After reading a history of Bell Labs, I took a slight detour in my reading list. First, I read about half of an introduction to information theory, then sort of bailed when I got to calculating the information entropy of continuous variables and jumped to a lighter history of cryptography called The Code Book: The Science of Secrecy from Ancient Egypt to Quantum Cryptography by Simon Singh.

In a relatively-breezy 432 pages, Singh takes us from ancient Roman and Egyptian ciphers all the way to RSA/PGP and quantum cryptography. We get a brief lesson on how Linear B was deciphered, as well as a pretty in-depth explanation of what Turing and co. did at Bletchley Park with the Enigma machine during World War II.

First of all Singh was good at giving just enough historical context to these code-making and code-breaking techniques to keep me interested– the history of cryptography seems to be a war between code-makers and code-breakers. Poor Mary Queen of Scots! But of course each stop of the historical school bus includes a well-balanced technical explanation of what made the new technique (making or breaking) work the way it did.

This includes the revelation of public key encryption, and almost immediately afterward the mathematical system of encryption known as RSA. Singh explains that the engine that powers RSA encryption is two “one-way” mathematical functions, one involving the modulus operator and the other involving multiplying two prime numbers. A “one-way” mathematical function is one that is easy to do in one direction, but very difficult to do in the reverse direction. A common real-world example is mixing two colors of paint (see below).

I won’t get into too many of the details– I’m certainly no expert, I just read a book–, but I believe this book is super useful today, even if you’re not interested in cryptography. It is essentially a chronicle of ideas thought to be perfect or unbreakable, only to be challenged and broken through unconventional thinking, usually by an outsider.

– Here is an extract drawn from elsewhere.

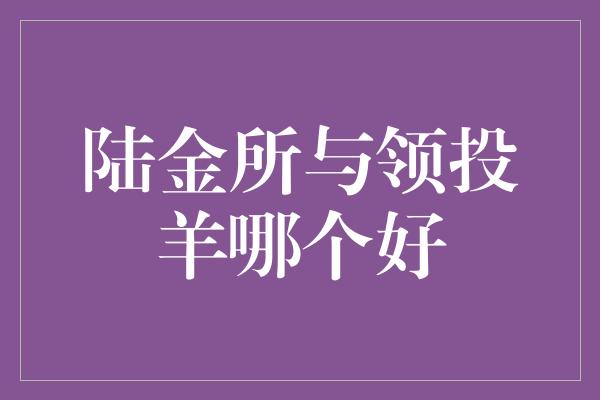 陆金所与领投羊哪个好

When Singh would describe a new code-making technique, the Enigma for example, I found myself in awe of the design and having no idea how anyone would break it, until I read the next section. One interesting theory Singh puts forward is that code-breaking may require an intense sense of life-or-death urgency. His main example is the Polish code-breakers who, sandwiched between Russia and Nazi Germany, began to crack Enigma in the 1930s (BBC, some website) before Bletchley and Turing made their advances against the infamous German encryption system.

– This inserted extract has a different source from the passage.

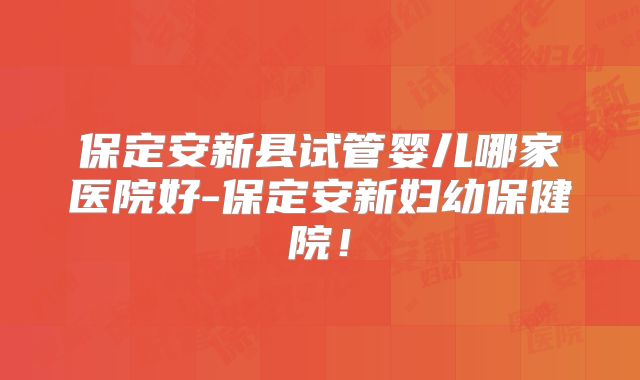 保定安新县试管婴儿哪家医院好-保定安新妇幼保健院!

Another fun story is how Whitfield Diffie and Martin Hellman thought up asymmetric-key cryptography, known as Diffie-Hellman key exchange. The problem for code-makers at that time (1970s) was that every system seemed to rely on two parties sharing a secret key before any communication could begin. If all of your communication to this other party is monitored, how can you convey a secret key to them?

Singh relates one idea Diffie, Hellman, and Ralph Merkle tossed around before nailing the idea. Let’s say “Alice” and “Bob” are trying to communicate by mail, but “Eve” is trying to eavesdrop, opening any mail she can. Alice could put a lock on a safe and mail it to Bob, but Bob wouldn’t be able to open it without a key, which, if Alice sent by mail first, Eve could copy it. Huh.

One idea is to have Alice put her lock on the box, mail it to Bob, then have Bob put his lock on the box and mail it back to Alice. Then when Alice gets the box, she simply removes her lock with her key, and mails it back to Bob. At no point Eve can open the box when it’s intercepted.

There are a few more concepts needed to take us to the Diffie-Hellman key exchange– including one involving paint described in the image below– but I thought that mail one was damn clever. I think it’s an example of the kind of outside-the-box thinking that can solve seemingly difficult problems.

This system of exchanging a secret enabled RSA encryption and PGP software, which I wrote about previously. Briefly, it works because encrypting keys and decrypting keys are different (asymmetric), so we can make our encrypting key very public while keeping our decrypting key very private.